Tem-se vivido em Portugal (e não só) nos últimos tempos uma "crise de confiança". Os investidores não investem porque desconfiam do futuro; os consumidores não consomem porque desconfiam do presente; uns e outros desconfiam disto e daquilo. Se ao menos houvesse, pensamos nós, pensa o presidente, uma "droga da confiança"...
E é que há mesmo!
Segundo um artigo de António Damásio na revista Nature (cf. Courrier Internacional, 8 a 14 de Julho de 2005, p. 44), a "ocitocina" (de acordo com um estudo levado a cabo por Michael Kosfeld e seus colaboradores do instituto de investigações empíricas de economia da Universidade de Zurique) a ocitocina tem um papel importante nas manifestações de confiança no homem.
Uma dúvida legítima que poderia surgir a partir daqui é se os partidos políticos não se verão tentados a aspergir a multidão com ocitocina nos comícios dos seus candidatos. É uma dúvida formulada pelo próprio Damásio.
Mas pensemos bem: não é verdade que isso já aconteceu? O próprio Damásio reconhece que as técnicas de "marketing" actuais produzem uma secreção natural de moléculas, como a ocitocina, em reacção a estímulos adaptados. Ora, pensemos bem, qual é o estímulo utilizado por todos os políticos, sem excepção, nas últimas campanhas eleitorais? A "fala vazia". A fala que tudo promete durante a campanha eleitoral - levando à segregação da molécula da confiança - para depois tudo retirar. Daí que, defraudadas nas suas expectativas, as pessoas se sintam, com razão, desconfiadas. Porque haveriam de confiar?
A confiança é algo que se ganha ou se perde, aumenta ou diminui, na convivência social. Não é uma coisa que exista por si mesma, independentemente das circunstâncias, da experiência. A não ser que andemos sempre "drogados" de confiança; mas isso também tem o seu preço.

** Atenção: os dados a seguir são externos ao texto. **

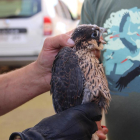 Imatge d’un dels falcons pelegrí.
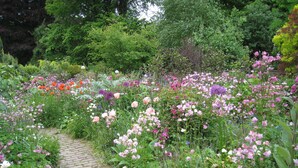 Un jardin agrémenté de diverses fleurs et doté d’un chemin bordé de briques.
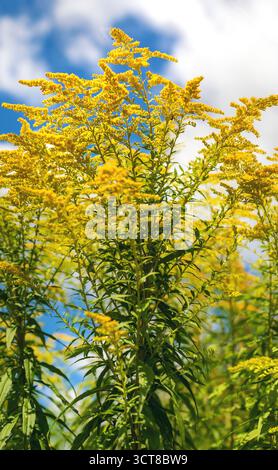Ragweed blüht auf dem Feld. Allergie. Selektiver Fokus. Natur. Stockfoto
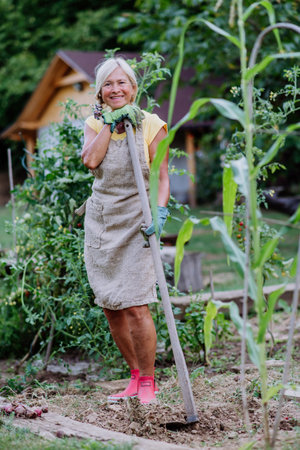 Senior woman farmer having break during digging her vegetables garden.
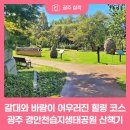 경안천 | 갈대와 바람이 어우러진 힐링 코스, 광주 경안천습지생태공원 산책기
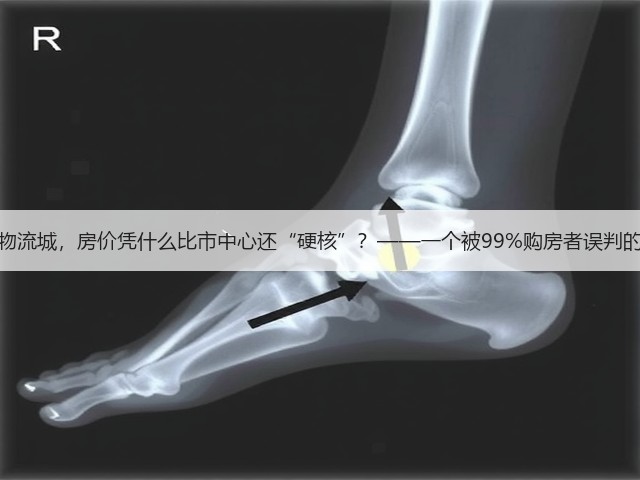 郑州西区国际物流城,房价凭什么比市中心还“硬核”?——一个被99%购房者误判的价值洼地真相(图3) 郑州西区国际物流城,房价凭什么比市中心还“硬核”?——一个被99%购房者误判的价值洼地真相(图3)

Já agora: porque é que há sempre tendência nestas investigações científicas (neurobiológicas) de esquecer que o homem não é só um animal como os outros, mas também um ser "de palavra". Um ser que dá a sua palavra, que arrisca ou compromete a sua palavra. Dizemos de alguém que merece confiança: é um homem de palavra. Se vivemos num mundo em que a palavra (do Outro) é cada vez mais esvaziada de substância, não terá isso algo a ver - a par, para além ou para aquém da "ocitocina" - com a crise de confiança que atravessamos?